The day started with dropping my car at the garage. When my gas mileage plummeted I checked my tires and found a slow leak in the right front, which I couldn’t have done without a pressure gauge. As I walked away from the service station in the clear sunshine and bitter cold, I reflected on the damage done by estimation in the absence of accounting.
A vague answer to a specific question means either “I don’t know,” or “I don’t want to tell you.” Navajo has a specific word, hola, which means exactly that. In English, we just prevaricate.
When I ask patients, “How much does your smoking cost?” frequently the answer comes back, “I know.” But when I press, I find out that they haven’t done the arithmetic.
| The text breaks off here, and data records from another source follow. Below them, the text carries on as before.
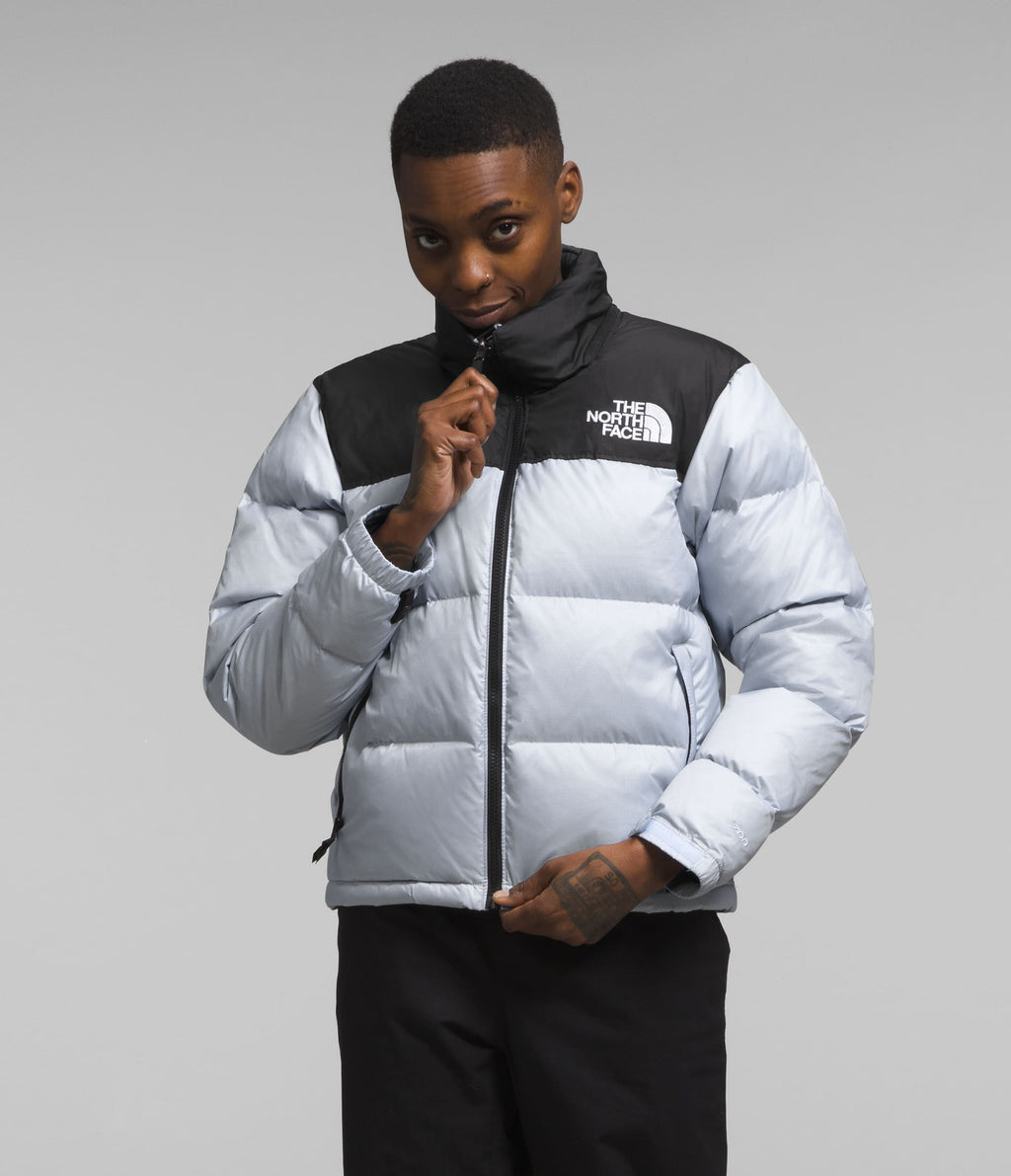 Chompa 1996 Retro Nuptse Térmica Gris Mujer The North Face - imagen 2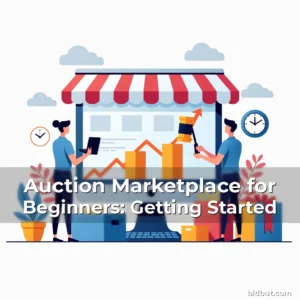 Artistic representation for Auction Marketplace for Beginners: Getting Started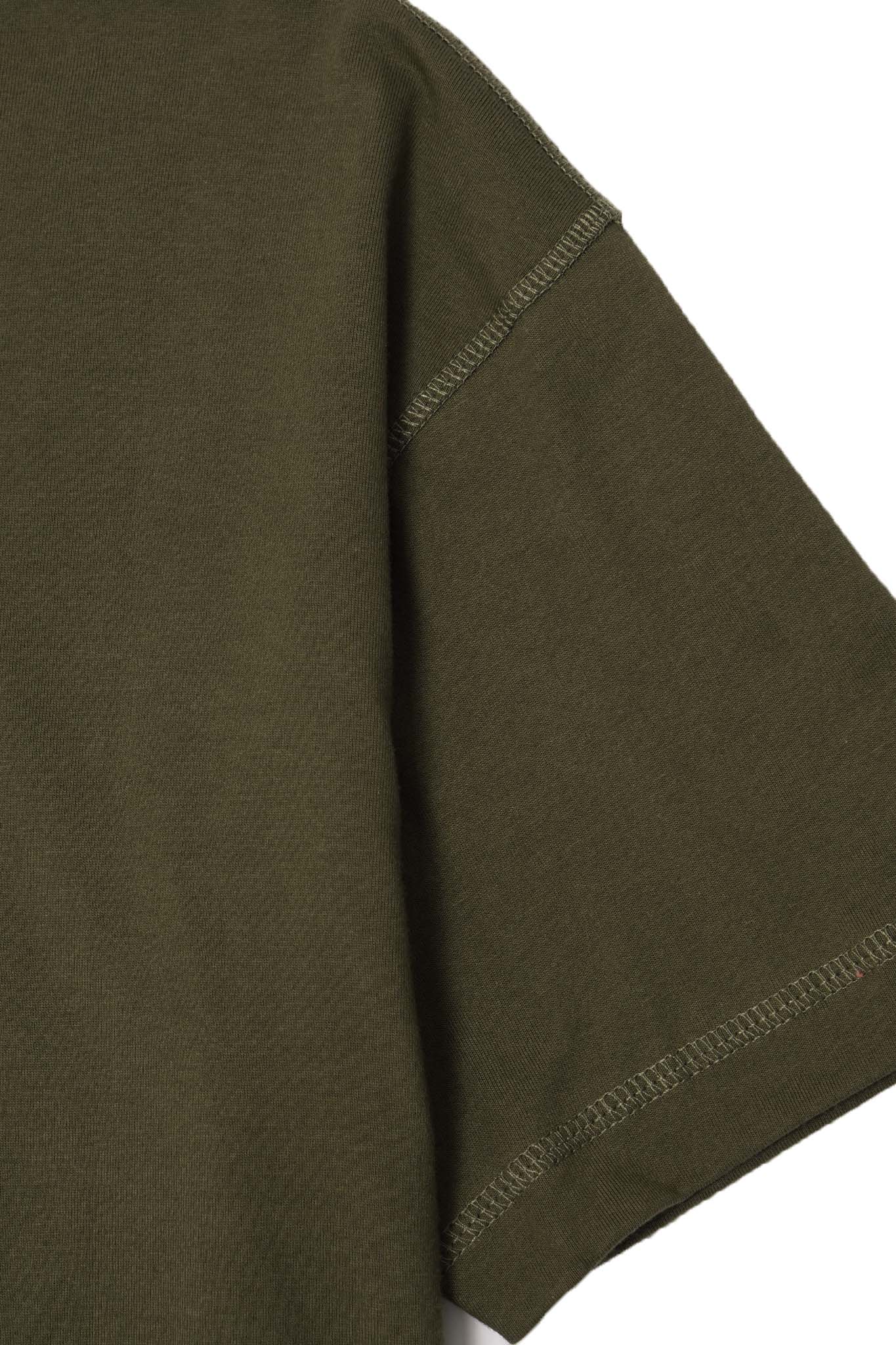 BOX TEE V3 IN OLIVE - Image 4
With alcohol, my query starts “When was your last drink?” and goes on to “How many did you have at that time? Is that typical for you? When was the last time you had more than five in a night?” The vaguer the answer, the more I worry that the person really doesn’t know and doesn’t want to know. I never ask “How much do you drink?” because the only accurate answers come from people who don’t have a problem.
The same thing happens with eating. The greater the overweight, the less well the person knows when they’re hungry or keeps track of how much they eat.
When I worked in private practice, I did a lousy job of keeping count of my hours. When, in Barrow, I filled out a time sheet to the tune of 63 hours in a week with a lot of leisure, I realized I hadn’t been working 56 hours a week but usually 80. I hadn’t counted the calls at home, the time spent in medical records, the after work documentation, or the time spent doing Continuing Medical Education (CME). Nor had I amortized the hours spent on weekend call over the course of the month.
Though most docs receive good pay for their services, we perform many professional duties for no reimbursement. A fifteen minute patient visit generates five minutes of dictation; one visit in two results in lab work for review; one visit in six demands a call to another doctor. Time spent reviewing refill requests or lab data generates no income. We don’t get paid for phone calls to worried patients.
The corporate parent of Care Initiatives Hospice asked me to start filling in a time sheet. Why should it matter, I asked, if I’m paid straight salary?
I started keeping track of my hours. I was surprised at how fast twelve phone calls, five minutes each, add up to another hour.
Estimation never compares to keeping count. If we don’t have a gauge, we won’t know about our leaks.